EXERCISE AIM
Only the lines from the one bearing "Montelaine - 8" through the end of the entries should be output, exactly as they stand, and pictures should be skipped.

::: DATA PROVIDED :::

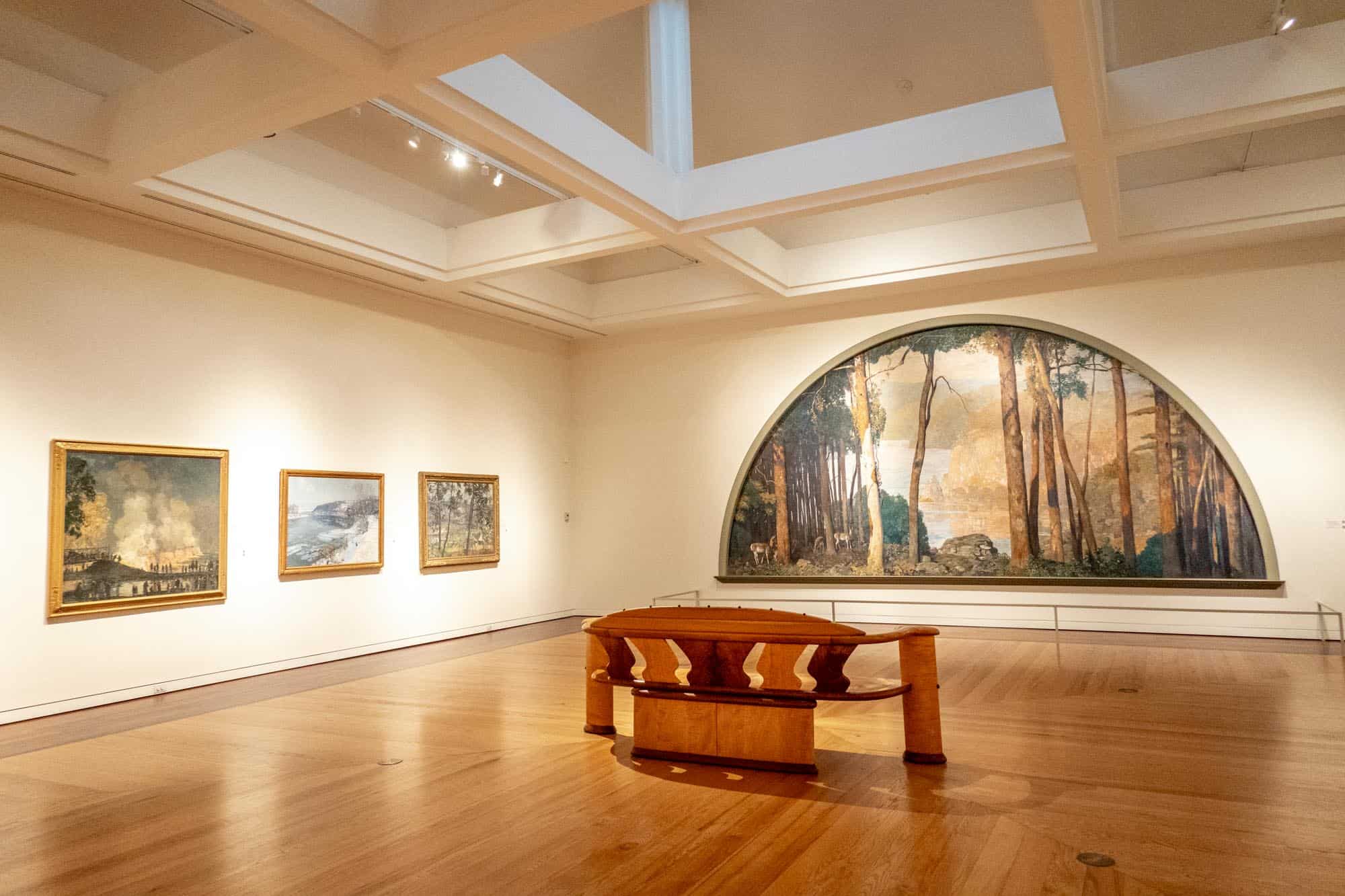 Four paintings, including one semi-circular woodland scene, on the walls of the Michener Art Museum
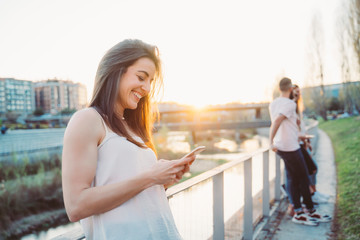 Happy woman texting on smart phone in street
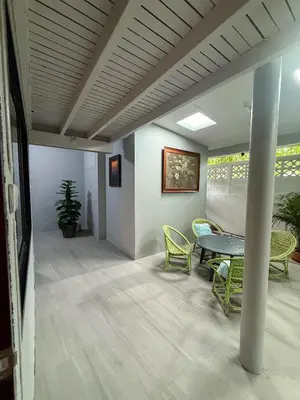 a room with a table and chairs and a table at Pridi cozy home with good location Type A in Bangkok
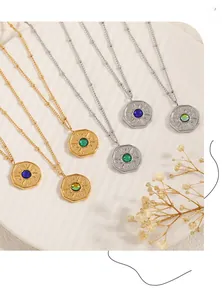Detailed close-up of octagonal sunburst pendants with colorful stones on beaded chains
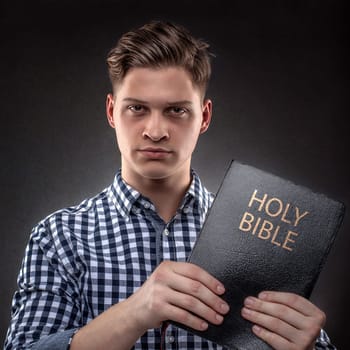 Young christian man showing showing with determination a Holy Bible  (concept against temptation by God's Word)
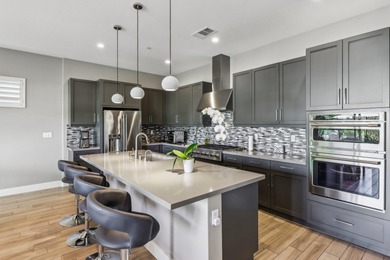 Step into the epitome of refined desert living with this on Plantation Golf Club in California - for sale on GolfHomes.com, golf home, golf lot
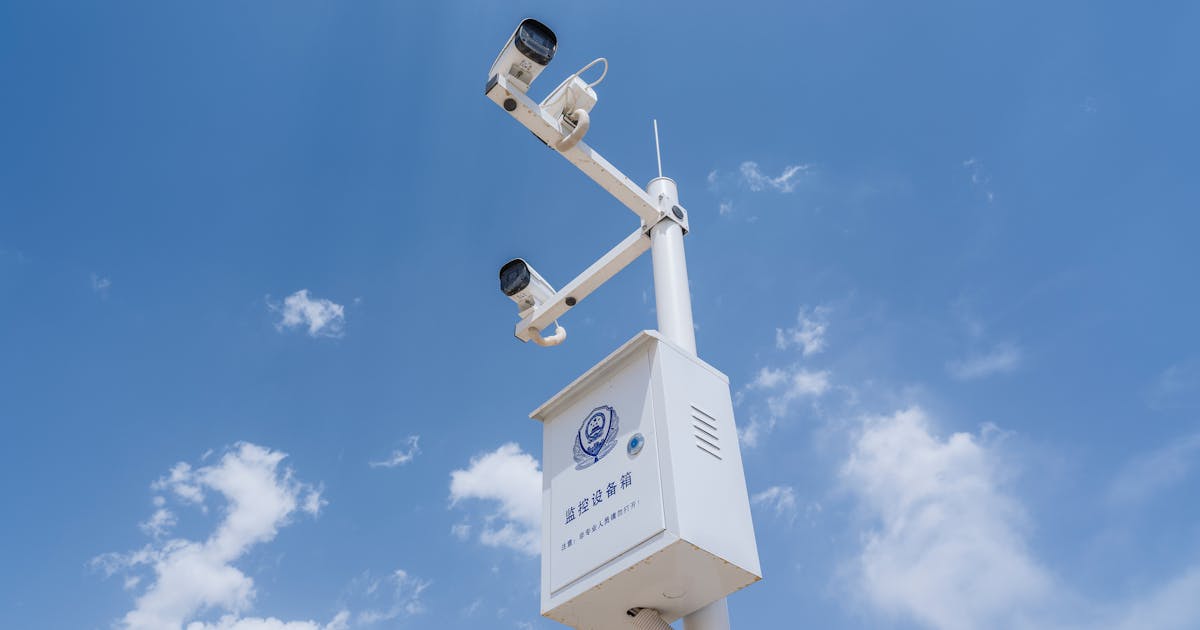 Multiple security cameras on a pole under a blue sky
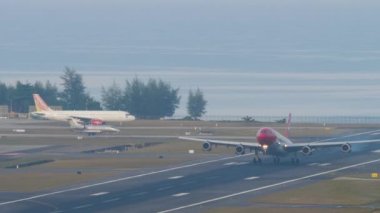 PHUKET, THAILAND - 23 Şubat 2023: Yolcu jet uçağı A340, Edelweiss Havaalanı HB-JME ve Phuket Havaalanı 'na fren. Flaplar yukarı. Uçak iniyor. Havaalanının panoramik görüntüsü
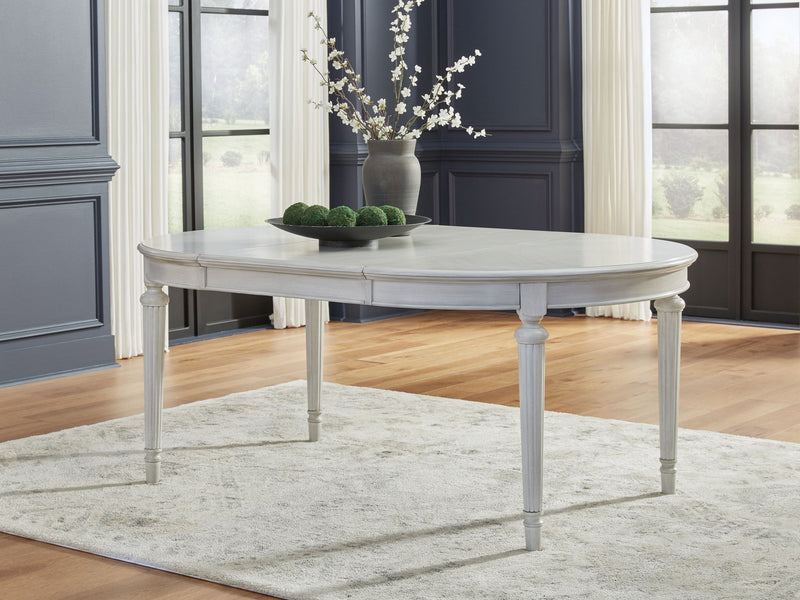 Montelaine - 8 Pc. - Dining Room Extension Table, 6 Side Chairs, Server - Antique White
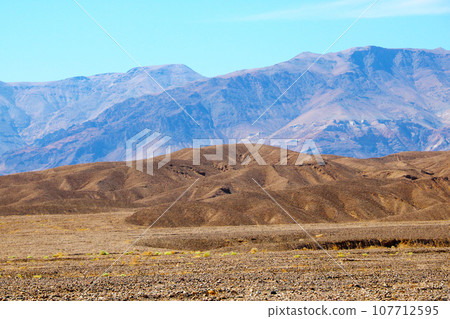 A view of mountains in a haze in a US national park. A view of mountains in a haze in a US national park. 107712595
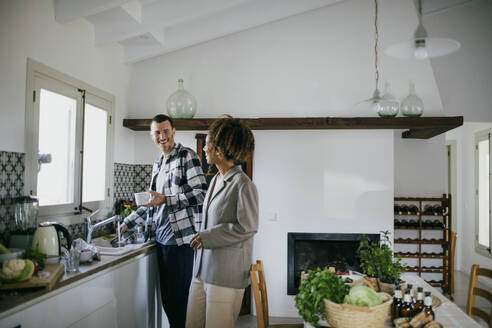 Glückliche Freunde, die sich in der Küche zu Hause unterhalten - MASF42875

:::

RESULT OF THIS TASK
 Montelaine - 8 Pc. - Dining Room Extension Table, 6 Side Chairs, Server - Antique White
 A view of mountains in a haze in a US national park. A view of mountains in a haze in a US national park. 107712595
 Glückliche Freunde, die sich in der Küche zu Hause unterhalten - MASF42875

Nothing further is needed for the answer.